[AVAILABLE RECORDS — start]
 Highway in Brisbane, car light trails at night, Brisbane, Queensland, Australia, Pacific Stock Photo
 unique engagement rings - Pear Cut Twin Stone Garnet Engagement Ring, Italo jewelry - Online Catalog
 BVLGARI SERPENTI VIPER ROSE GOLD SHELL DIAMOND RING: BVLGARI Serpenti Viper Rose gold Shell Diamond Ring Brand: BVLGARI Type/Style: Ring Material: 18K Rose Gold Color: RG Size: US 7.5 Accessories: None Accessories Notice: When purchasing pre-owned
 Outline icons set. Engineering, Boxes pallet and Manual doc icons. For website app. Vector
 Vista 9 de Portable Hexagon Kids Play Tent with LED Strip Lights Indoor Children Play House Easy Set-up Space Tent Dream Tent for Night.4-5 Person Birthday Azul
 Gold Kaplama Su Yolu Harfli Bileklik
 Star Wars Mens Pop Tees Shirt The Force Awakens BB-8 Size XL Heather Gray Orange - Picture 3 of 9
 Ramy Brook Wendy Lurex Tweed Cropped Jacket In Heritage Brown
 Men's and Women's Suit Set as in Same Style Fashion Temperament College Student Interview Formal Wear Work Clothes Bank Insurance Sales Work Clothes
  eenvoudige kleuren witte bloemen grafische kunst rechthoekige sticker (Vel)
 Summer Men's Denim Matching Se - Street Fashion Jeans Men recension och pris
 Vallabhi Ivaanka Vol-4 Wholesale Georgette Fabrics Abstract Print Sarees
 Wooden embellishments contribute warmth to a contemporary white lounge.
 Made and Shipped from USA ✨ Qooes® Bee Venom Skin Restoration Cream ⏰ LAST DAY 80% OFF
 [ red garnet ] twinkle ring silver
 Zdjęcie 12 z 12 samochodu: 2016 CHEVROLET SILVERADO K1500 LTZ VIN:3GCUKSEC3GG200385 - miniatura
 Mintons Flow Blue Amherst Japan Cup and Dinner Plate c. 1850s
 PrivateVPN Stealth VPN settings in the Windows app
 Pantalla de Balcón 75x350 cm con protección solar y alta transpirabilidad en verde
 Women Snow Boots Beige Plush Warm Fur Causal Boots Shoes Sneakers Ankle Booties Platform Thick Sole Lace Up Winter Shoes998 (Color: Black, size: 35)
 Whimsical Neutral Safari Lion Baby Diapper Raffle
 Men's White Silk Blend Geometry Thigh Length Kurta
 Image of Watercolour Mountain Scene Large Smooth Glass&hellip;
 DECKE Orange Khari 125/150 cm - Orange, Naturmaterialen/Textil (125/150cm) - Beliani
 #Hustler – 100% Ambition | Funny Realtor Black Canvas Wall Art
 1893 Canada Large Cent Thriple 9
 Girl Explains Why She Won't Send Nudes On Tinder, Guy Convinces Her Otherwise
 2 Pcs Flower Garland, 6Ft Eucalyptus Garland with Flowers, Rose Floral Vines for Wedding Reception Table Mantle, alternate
[AVAILABLE RECORDS — finish]
# PROBLEM TO SOLVE:
Within the data above, the lines from the one with "Gold Kaplama Su Yolu Harfli Bileklik" to the one with "Ramy Brook Wendy" must be repeated exactly; no other line belongs in the answer.

# RESULT OF THE EXERCISE:
 Gold Kaplama Su Yolu Harfli Bileklik
 Star Wars Mens Pop Tees Shirt The Force Awakens BB-8 Size XL Heather Gray Orange - Picture 3 of 9
 Ramy Brook Wendy Lurex Tweed Cropped Jacket In Heritage Brown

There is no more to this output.